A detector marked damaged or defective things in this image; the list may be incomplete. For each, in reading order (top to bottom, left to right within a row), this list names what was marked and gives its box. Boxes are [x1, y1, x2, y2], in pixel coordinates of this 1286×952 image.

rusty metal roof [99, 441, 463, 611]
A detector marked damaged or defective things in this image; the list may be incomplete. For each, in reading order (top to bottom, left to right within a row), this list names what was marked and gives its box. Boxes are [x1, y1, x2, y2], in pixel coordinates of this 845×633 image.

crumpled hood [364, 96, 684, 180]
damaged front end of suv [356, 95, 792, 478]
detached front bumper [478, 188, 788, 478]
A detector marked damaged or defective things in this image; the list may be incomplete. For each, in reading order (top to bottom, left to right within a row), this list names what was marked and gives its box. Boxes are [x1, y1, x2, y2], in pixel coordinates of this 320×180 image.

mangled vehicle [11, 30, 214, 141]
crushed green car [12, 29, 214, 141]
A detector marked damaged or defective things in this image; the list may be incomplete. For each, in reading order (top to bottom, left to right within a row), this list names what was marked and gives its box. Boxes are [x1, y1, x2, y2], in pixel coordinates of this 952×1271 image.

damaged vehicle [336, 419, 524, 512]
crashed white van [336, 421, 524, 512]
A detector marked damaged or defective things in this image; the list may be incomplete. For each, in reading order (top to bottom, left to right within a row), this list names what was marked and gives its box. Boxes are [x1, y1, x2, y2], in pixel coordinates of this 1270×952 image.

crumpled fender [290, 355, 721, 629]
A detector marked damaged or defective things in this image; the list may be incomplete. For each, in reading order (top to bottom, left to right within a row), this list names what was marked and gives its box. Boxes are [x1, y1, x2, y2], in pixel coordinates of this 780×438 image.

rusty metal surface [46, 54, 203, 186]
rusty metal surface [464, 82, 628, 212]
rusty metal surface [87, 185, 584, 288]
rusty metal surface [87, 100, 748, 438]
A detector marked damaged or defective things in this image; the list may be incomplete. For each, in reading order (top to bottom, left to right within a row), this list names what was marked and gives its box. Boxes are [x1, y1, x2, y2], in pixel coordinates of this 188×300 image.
****************************************
● EXERCISE DETAILS: Please set down, with no changes, the line that contains "this 780×438 image." and all the lines after it until the entries end; write nothing besides them.

● RESPONSE:
A detector marked damaged or defective things in this image; the list may be incomplete. For each, in reading order (top to bottom, left to right within a row), this list names what was marked and gives its box. Boxes are [x1, y1, x2, y2], in pixel coordinates of this 780×438 image.

rusty metal surface [46, 54, 203, 186]
rusty metal surface [464, 82, 628, 212]
rusty metal surface [87, 185, 584, 288]
rusty metal surface [87, 100, 748, 438]
A detector marked damaged or defective things in this image; the list may be incomplete. For each, in reading order (top to bottom, left to right within a row), this list names what was marked and gives its box. Boxes are [x1, y1, x2, y2], in pixel coordinates of this 188×300 image.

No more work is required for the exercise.